The forthcoming legislation on assisted human reproduction is set to build on the extremely radical approach to family relationships put in place by the Children and Family Relationships Act from 2015, a law that greatly demotes the importance of the biological ties between parents and children. In an article published in the current issue of the Law Society Gazette, a number of legal experts criticised the proposed legislation.
The author of the piece, Mary Hallissey, sums up the approach nicely when she says that “births certs will now sidestep the truth of a child’s origins in favour of naming commissioning parents, who have used donor material [eggs and/or sperm] to conceive.”
The approach of the Government is so radical that it looks set to allows the words ‘mother’ and father’ to be replaced on births certificates by ‘parent one’ and ‘parent two’, which is a total denial of biological reality. This is in a country that is disgusted by how the birth certs of some adopted children were deliberately and legally falsified in the past. This time it will have the full blessing of the State.
The new AHR law will ban anonymous donation. However, relevant information regarding the biological parent (or parents) will be kept secret unless it is requested, and only when the child reaches 18 years of age. As the article from the Law Society Gazette notes, “there is no legal responsibility, or suggested timescale, for parents to inform children about the truth of their biological origins”.
This means that some people will never know that they were conceived with the intervention of a third party that provided gamete material, and therefore they will never ask to access information that might crucial for their physical or mental health. They also will never know that they might have half siblings and other blood relations.
In any case, those children will have only a remote chance of ever forming a relationship with their biological parents because egg and sperm are usually imported from overseas.
Children’s ombudsman Niall Muldoon told the Law Society Gazette that every child should have accurate information about their lineage and birth and, in the case of those born from assisted reproduction, the identity of any gamete donor or of the birth mother that acted as a surrogate should be included. But this still downgrades the importance of the natural ties. This is why some donor-conceived people, such as Dr Joanna Rose, want the practice prohibited entirely.
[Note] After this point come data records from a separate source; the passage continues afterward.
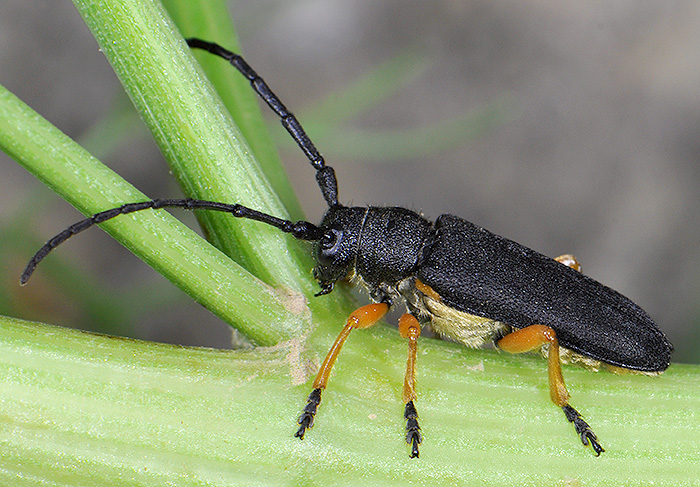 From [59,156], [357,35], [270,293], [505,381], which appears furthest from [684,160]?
[59,156]

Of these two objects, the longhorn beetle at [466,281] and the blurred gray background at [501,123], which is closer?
the longhorn beetle at [466,281]

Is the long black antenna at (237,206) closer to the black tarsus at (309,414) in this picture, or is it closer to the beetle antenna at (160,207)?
the beetle antenna at (160,207)

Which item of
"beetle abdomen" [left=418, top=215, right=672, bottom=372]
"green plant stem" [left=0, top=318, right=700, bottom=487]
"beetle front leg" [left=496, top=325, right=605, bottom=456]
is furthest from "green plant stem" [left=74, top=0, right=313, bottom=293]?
"beetle abdomen" [left=418, top=215, right=672, bottom=372]

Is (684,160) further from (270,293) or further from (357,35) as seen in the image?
(270,293)

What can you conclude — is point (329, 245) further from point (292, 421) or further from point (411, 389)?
point (292, 421)

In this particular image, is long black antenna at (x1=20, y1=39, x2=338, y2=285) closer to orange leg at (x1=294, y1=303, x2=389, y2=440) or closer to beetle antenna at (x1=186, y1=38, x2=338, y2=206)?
beetle antenna at (x1=186, y1=38, x2=338, y2=206)

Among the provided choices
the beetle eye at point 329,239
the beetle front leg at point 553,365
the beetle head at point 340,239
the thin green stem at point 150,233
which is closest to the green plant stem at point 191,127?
the thin green stem at point 150,233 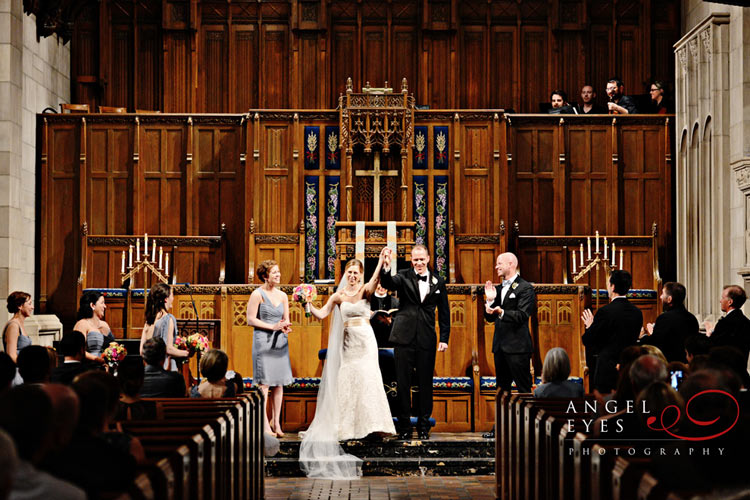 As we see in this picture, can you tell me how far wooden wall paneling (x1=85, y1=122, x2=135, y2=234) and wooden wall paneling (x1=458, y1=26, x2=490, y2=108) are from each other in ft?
16.2

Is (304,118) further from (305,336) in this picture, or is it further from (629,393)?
(629,393)

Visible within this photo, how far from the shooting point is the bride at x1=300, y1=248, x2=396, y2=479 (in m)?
7.96

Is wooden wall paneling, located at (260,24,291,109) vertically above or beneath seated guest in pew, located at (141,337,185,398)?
above

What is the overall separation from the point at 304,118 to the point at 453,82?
274 cm

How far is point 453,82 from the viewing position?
45.7ft

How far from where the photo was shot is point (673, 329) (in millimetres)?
6586

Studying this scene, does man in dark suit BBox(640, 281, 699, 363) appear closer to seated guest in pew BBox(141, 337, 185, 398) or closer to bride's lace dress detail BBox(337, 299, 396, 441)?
bride's lace dress detail BBox(337, 299, 396, 441)

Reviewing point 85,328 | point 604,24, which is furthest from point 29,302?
point 604,24

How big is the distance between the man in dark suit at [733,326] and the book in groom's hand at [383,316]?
312 centimetres

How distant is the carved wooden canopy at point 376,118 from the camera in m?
11.9

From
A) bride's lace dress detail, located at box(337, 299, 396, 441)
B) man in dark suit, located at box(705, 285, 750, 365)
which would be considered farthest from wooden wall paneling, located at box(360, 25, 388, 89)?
man in dark suit, located at box(705, 285, 750, 365)

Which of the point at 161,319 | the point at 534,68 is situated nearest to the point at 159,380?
the point at 161,319

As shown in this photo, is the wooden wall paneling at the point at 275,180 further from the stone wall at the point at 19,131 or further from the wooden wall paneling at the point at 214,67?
the stone wall at the point at 19,131

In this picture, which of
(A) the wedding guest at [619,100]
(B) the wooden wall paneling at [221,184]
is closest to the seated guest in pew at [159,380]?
(B) the wooden wall paneling at [221,184] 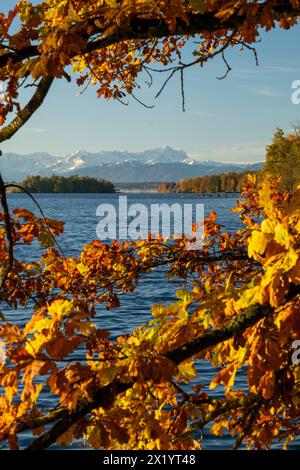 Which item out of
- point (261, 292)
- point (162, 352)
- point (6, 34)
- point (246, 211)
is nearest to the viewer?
point (261, 292)

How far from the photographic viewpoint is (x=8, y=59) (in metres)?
4.54

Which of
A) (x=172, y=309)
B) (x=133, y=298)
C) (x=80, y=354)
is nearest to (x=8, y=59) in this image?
(x=172, y=309)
The new legislation will establish a National Donor-Conceived Person Register, where information about the donor parents should be kept updated but there is no legal enforcement of this and, as family lawyer Geraldine Keehan notes, “it is unrealistic to expect a donor to update a register with medical details, years and even decades later, though this information could be vital to the child concerned”.
Psychologist Emma O’Friel claims that the legislation is written from an adult point of view. “Money is guiding this. The fertility clinics are running a business and have a profit motive. … It is wrong to allow children to be removed from their biological parents for no other reason than the desire of an unrelated person.”
The proposed legislation has huge limitations, as highlighted by Dr Rose in her submission on the AHR scheme presented on behalf of the Iona Institute (The submission can be found here: https://ionainstitute.ie/submission-to-health-committee-on-assisted-human-reproduction-bill/ )
Dr Rose, who successfully campaigned to remove anonymity from the UK law says: “The underlying philosophy of the Scheme is that the number of parents, the sex of the parents, and whether they are married or not, is entirely irrelevant to the welfare of the child. This is quite aside from the issue of deliberately cutting the natural tie to at least one parent, which donor-conception also inevitably involves and the identity issues this can create“.